The case of inflation targeting is even worse. The policy has been in a state of zombified suspended animation ever since the GFC. Interest rates have been near zero, or even negative in some countries and inflation has been stubbornly below the target range (not a problem contemplated when the policy came in). The result is that conventional monetary policy is largely ineffectual.

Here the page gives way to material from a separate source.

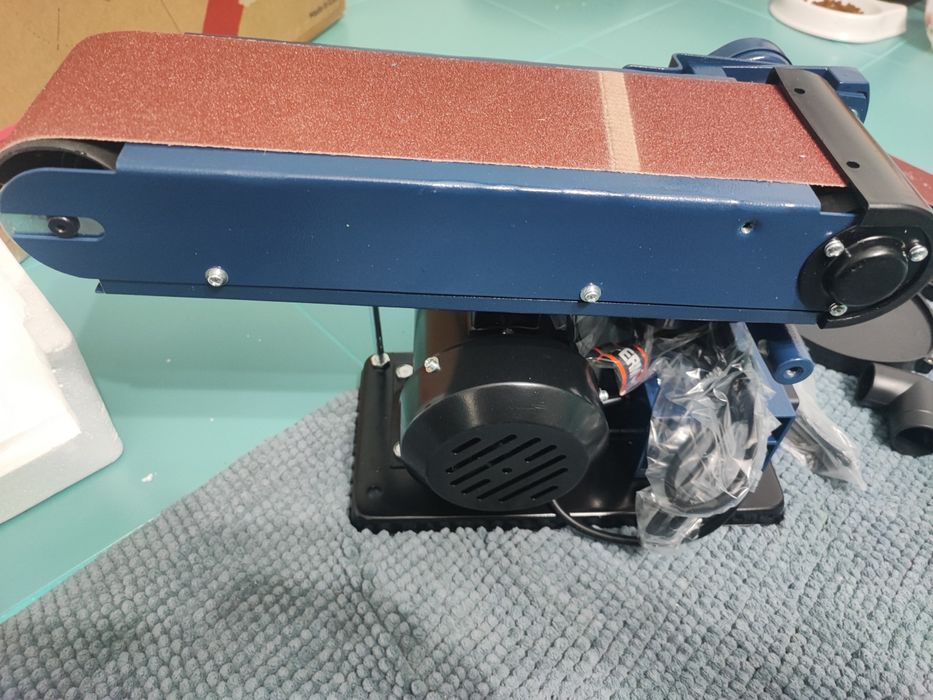 Slefuitor de masa FERM BGM1022 - Nou , Sigilat!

The Reserve Bank recognised the difficulty some time ago and has been calling for governments to spend and invest more instead of obsessing about largely meaningless measures of budget surplus. After ignoring these pleas for years, the Morrison Government was commendably swift in its response to the pandemic, with temporary spending measures amounting to more than $200 billion.

But, as with the GFC, economic policymakers are still operating on the basis that the pandemic crisis is a once-off exception and we will soon be able to return to the illusory “normality” of the Great Moderation. But crises like this are the rule, not the exception. Unless governments and central banks commit themselves to achieving and maintaining full employment, the zombie ideas of market liberalism will continue to wreak havoc.